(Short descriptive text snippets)
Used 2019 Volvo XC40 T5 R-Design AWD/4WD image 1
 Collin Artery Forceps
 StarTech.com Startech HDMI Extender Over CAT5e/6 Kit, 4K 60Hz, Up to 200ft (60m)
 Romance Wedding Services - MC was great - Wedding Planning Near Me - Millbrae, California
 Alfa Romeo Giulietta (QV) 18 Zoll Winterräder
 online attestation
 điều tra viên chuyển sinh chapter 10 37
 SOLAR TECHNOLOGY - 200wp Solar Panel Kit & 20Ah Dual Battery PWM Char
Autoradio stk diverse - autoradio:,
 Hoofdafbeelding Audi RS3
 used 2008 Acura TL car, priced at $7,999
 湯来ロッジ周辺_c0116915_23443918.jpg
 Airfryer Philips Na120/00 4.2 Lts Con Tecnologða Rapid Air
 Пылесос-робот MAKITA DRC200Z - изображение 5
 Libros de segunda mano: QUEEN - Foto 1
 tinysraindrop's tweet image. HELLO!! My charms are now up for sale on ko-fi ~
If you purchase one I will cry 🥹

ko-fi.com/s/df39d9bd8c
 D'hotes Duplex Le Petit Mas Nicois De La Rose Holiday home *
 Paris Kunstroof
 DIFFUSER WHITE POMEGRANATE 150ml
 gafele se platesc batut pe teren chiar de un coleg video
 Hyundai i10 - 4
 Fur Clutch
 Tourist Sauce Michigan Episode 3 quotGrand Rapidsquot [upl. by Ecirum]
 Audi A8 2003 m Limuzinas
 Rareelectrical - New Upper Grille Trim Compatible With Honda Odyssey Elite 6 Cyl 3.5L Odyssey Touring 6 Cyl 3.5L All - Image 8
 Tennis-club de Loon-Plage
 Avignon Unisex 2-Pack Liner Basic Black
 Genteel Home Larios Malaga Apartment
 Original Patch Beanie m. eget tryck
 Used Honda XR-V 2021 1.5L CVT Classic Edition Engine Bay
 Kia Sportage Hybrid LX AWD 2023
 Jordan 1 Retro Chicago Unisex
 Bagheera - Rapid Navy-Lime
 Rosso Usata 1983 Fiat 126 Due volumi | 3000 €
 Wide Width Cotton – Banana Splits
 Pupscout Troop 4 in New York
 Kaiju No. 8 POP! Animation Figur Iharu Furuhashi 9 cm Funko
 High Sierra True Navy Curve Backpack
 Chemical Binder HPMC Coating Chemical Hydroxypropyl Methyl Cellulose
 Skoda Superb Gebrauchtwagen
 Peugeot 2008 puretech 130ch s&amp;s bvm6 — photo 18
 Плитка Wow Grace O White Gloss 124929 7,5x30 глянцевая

#### What to do
Exact copies of the line containing "High Sierra True Navy Curve Backpack" and of every line after it through the end of the entries are all that should be output.

#### Worked solution
 High Sierra True Navy Curve Backpack
 Chemical Binder HPMC Coating Chemical Hydroxypropyl Methyl Cellulose
 Skoda Superb Gebrauchtwagen
 Peugeot 2008 puretech 130ch s&amp;s bvm6 — photo 18
 Плитка Wow Grace O White Gloss 124929 7,5x30 глянцевая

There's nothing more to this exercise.